Cargo ship of the United States Navy

USS Caswell (AKA-72) was a in service with the United States Navy from 1944 to 1946. She was sold into commercial service and was scrapped in 1973.

==History==
Caswell, a Type C2-S-AJ3 ship, was named after Caswell County, North Carolina. She was launched on 24 October 1944 by North Carolina Shipbuilding Co., Wilmington, North Carolina, under a United States Maritime Commission contract; sponsored by Mrs. W. H. Williamson; acquired by the Navy on 27 November 1944; and commissioned on 13 December 1944.
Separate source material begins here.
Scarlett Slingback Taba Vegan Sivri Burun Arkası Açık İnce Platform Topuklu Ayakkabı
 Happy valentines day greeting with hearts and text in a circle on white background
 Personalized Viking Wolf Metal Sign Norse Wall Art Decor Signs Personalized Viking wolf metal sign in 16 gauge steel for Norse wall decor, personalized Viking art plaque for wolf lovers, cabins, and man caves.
===World War II, 1944-1945===
Caswell cleared Bayonne, New Jersey, on 16 January 1945 for the Panama Canal and Guadalcanal, arriving on 14 February. A month of training preceded her departure combat-loaded for the Okinawa beaches. Sailing with the Northern Attack Force, Caswell arrived for the initial landings on 1 April, and remained off the beaches for the next week, landing cargo to support the 6th Marines in their rapid advance across the Motobu Peninsula. The skillful work of her men made an important contribution to this success, and she cleared Okinawa on 9 April for overhaul and replenishment at Pearl Harbor.

===Post-war activities, 1945-1946===
Returning to the West Coast, Caswell loaded cargo for Okinawa, where she arrived on 5 August to begin a series of cargo and troop movements throughout the Far East, calling at ports in the Philippines, China, and Japan until 7 December, when she cleared Sasebo for San Diego. Between 23 February and 2 May 1946, Caswell carried cargo from San Francisco to China.

===Decommissioning===
Returning to Norfolk, Virginia, she was decommissioned on 19 June 1946. Caswell was returned to the Maritime Commission two days later.

===Civilian service and fate===
Ex-USS Caswell was sold on 23 June 1947 to the South Atlantic Steamship Line and renamed SS Southwind and served under that name for about 12 years. She was sold to United States Lines sometime in 1955 and later renamed by that company SS American Surveyor (18 May 1961). After a little more than two years, she was returned to the Maritime Administration for layup in the James River Group of the National Defense Reserve Fleet. On 10 August 1973 she was sold to Northern Metal Company for 'non-transportation use' and (presumably) scrapped shortly thereafter.

==Awards==
Caswell received one battle star for World War II service.